The star of the show here are the mushrooms. I will admit to being a bit skeptical when Tricia starting roughly chopping them – I have always been a slicing kind of person. But holy cow, the difference in flavor between sliced and chopped is amazing, and I highly recommend it. Besides, it’s fun – especially if you happen to harbor any unresolved aggression from the holidays. You can use whichever kind of mushrooms appeal to you. For this recipe, we chose wild chanterelles, crimini (which are baby portabella mushrooms), and these beautiful oyster mushrooms I found. Don’t pass up the recipe if you only want to use one kind – this is your recipe and it is totally up to you.
Got those guys chopped? While you are in a chopping frame of mind, go ahead and chop your herbs and slice up your green onions.
And now the cooking starts — get those mushrooms and onions sautéed with some garlic and load on the fresh herbs.
Then the wine goes in (insert smily face emoji), gets cooked down for awhile, and then the Arborio rice goes in for a quick sauté.
While all of this is happening, you have been bringing your broth to a boil and then keeping at a simmer nearby. The broth gets added by the half-cupful until it has all been absorbed. Go on….stir in that cheese…
While nobody’s looking, grab a big old bite for yourself. You can say this is for quality control purposes in case you get caught.
The only thing left at this point is to plate it up, garnish if you want, and dive in headfirst.
Thanks Tricia – this is an all time winner. I hope you all enjoy your journey into risotto, and Happy New Year!! xoxox
- 6 cups chicken broth (regular or low-sodium, your choice)
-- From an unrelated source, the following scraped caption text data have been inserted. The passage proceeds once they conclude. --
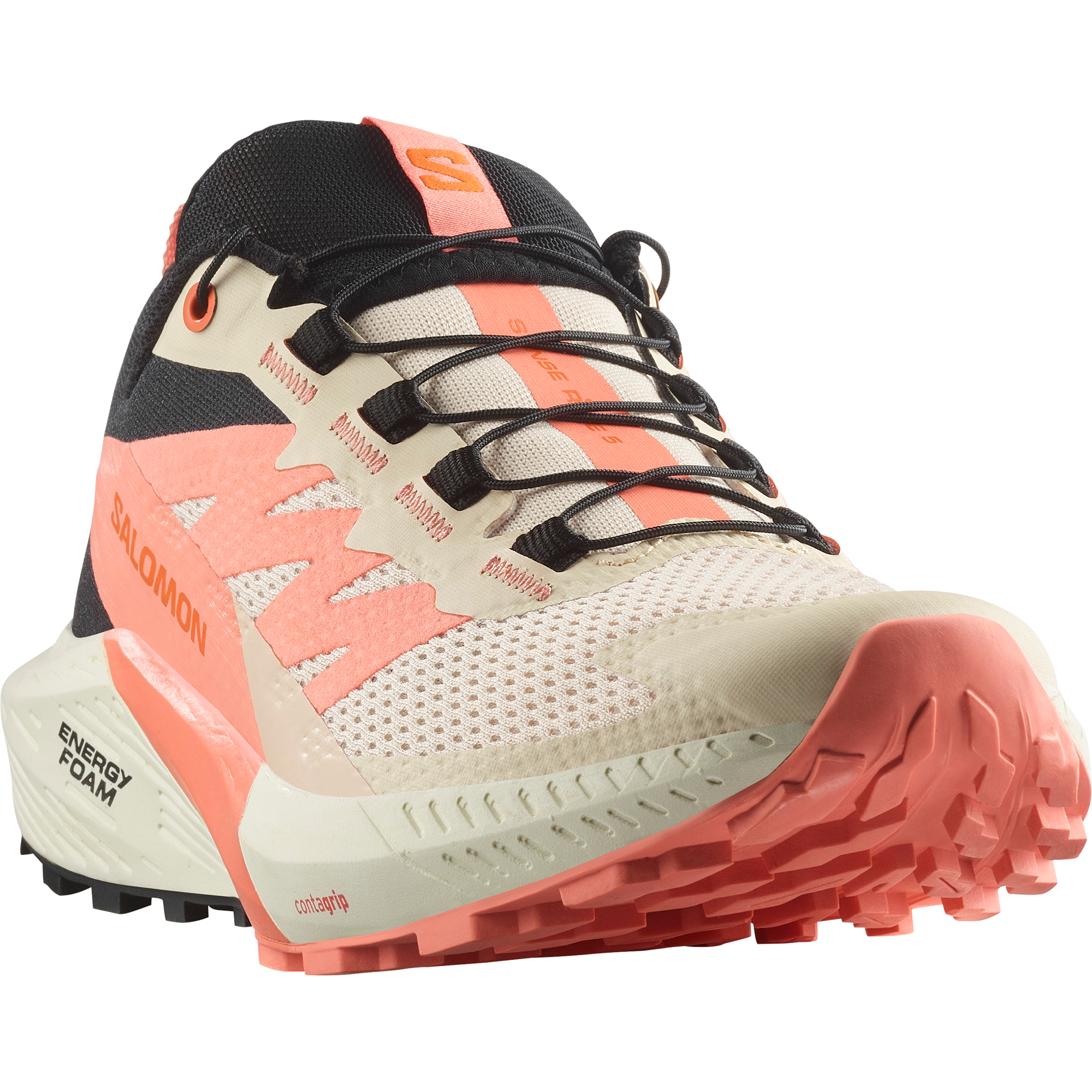 Salomon Trailrunningschuh »SENSE RIDE 5 W«, wasserdicht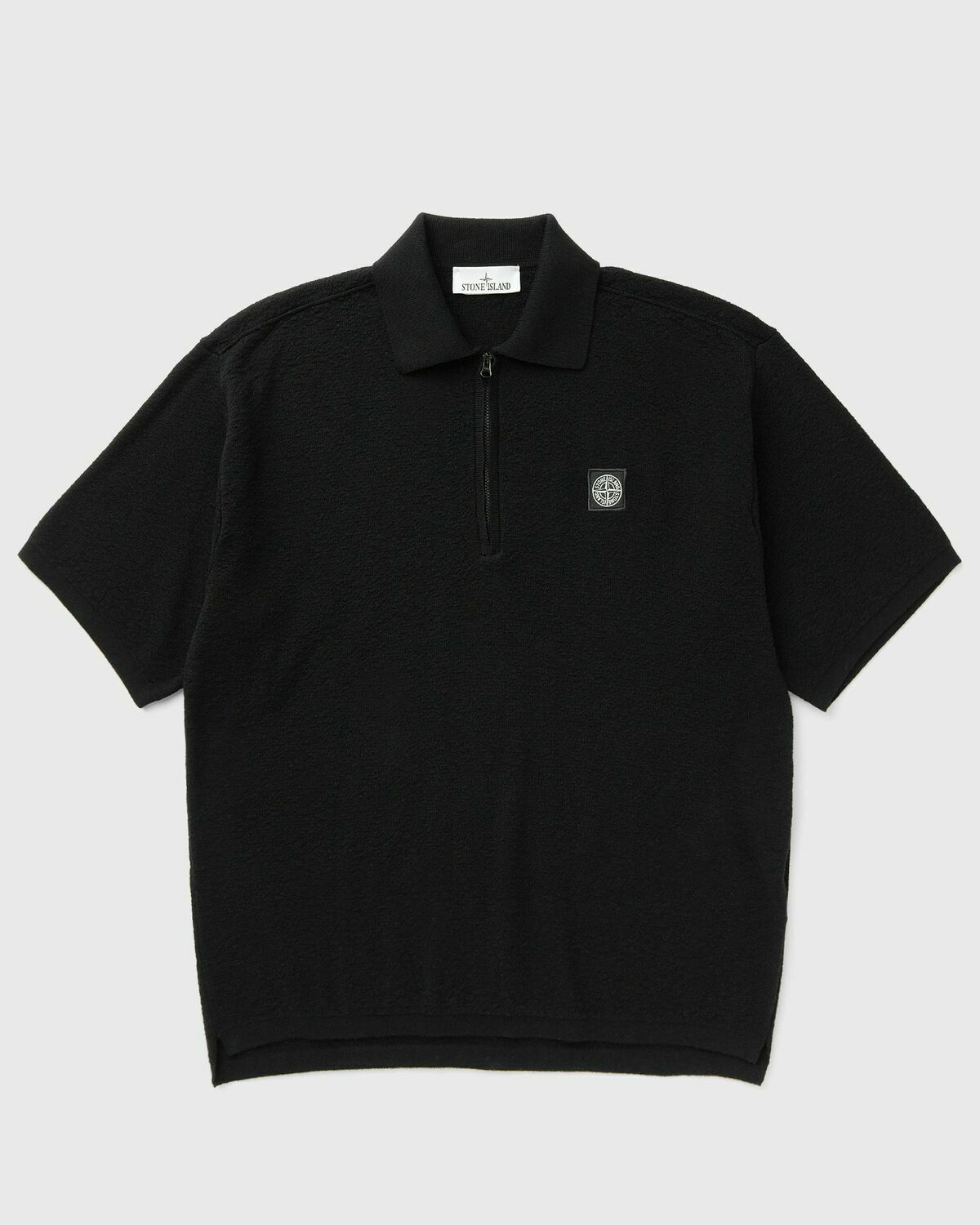 トップス STONE  19SS Cotton Jersey Polo-XL SS POLO Stone Island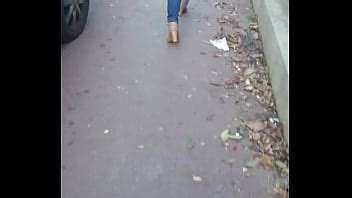Ass In The Street Xnxx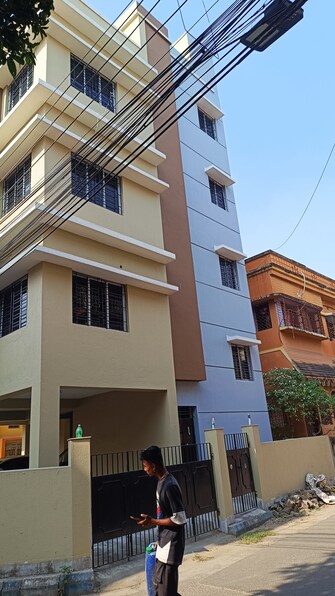 2 BHK Apartment For Resale in Gitanjali Park Kolkata  7908089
- 1 cup white wine (use what you like to drink – Pinot Gris or Cabernet Sauvignon is a nice choice because it’s almost citrusy flavor compliments the richness of the cheese so well)
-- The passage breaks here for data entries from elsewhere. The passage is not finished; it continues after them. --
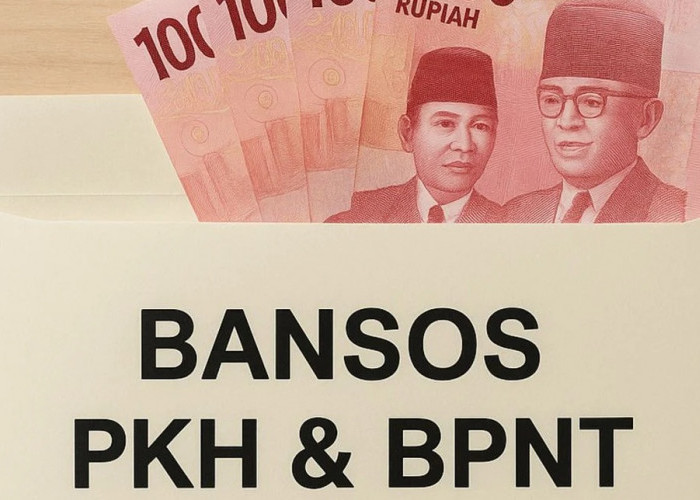 Bansos 2026 Cair Lebih Cepat, Kemensos Percepat Penyaluran PKH dan BPNT Triwulan II via Pos dan Bank Himbara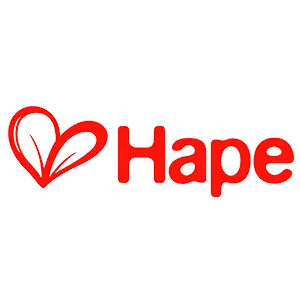 hape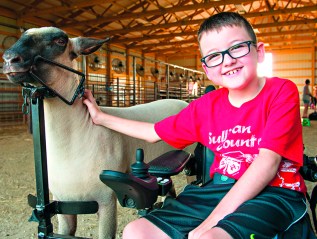 Portrait Photography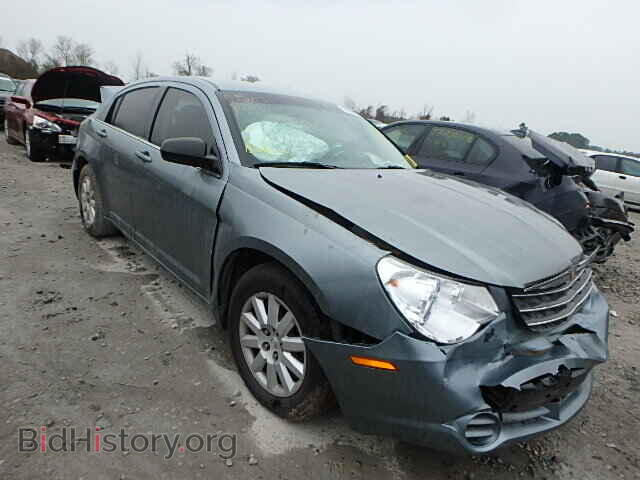 Фотография 1C3LC46B29N515512 - CHRYSLER SEBRING 2009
- 3 to 8 tablespoons of butter
- 1 or 2 gloves crushed garlic
- 3 or 4 green onion chopped (optional)
- 6 generous cups of mushrooms, coarsely chopped (it’s fun to try to use2- 3 varieties, but not required. For our recipe, we used wild chanterelles, crimini, and oyster mushrooms
- 2 to 3 tablespoons chopped fresh thyme
- 1 tablespoon chopped fresh marjoram (optional)
- 2 cups Arborio rice
- 1 cup grated Parmesan, plus extra for garnish
- 1 cup grated Gruyere cheese
- ¼ cup chopped Italian parsley for garnish (optional)
- ½ cup roasted and chopped hazelnuts for garnish (optional)
- Heat broth either in microwave or on the stove to boiling point and then simmer.
- In a separate pan, sauté 3 tablespoons butter, onion and garlic until soft. Add mushrooms and herbs (and more butter if desired) and sauté until soft (approximately 10 minutes). Add the wine and cook down until wine is reduced at to at least ⅓ cup.
- Stir in rice and sauté until slightly opaque. Begin adding broth by ½ cup increments and cook and stir until the liquid is almost absorbed. Continue in this manner until the liquid has all be absorbed. Add Parmesan and Gruyere cheese. Add pepper to taste. Add 1 to tablespoons of butter and stir in thoroughly.
- Top with fresh parsley and Parmesan. Serve immediately.
- COOK’S NOTES: If you have any left over risotto (ha ha), you can form into little cakes, chill thoroughly, and sauté until crispy on the outside and heated through – just another little slice of heaven.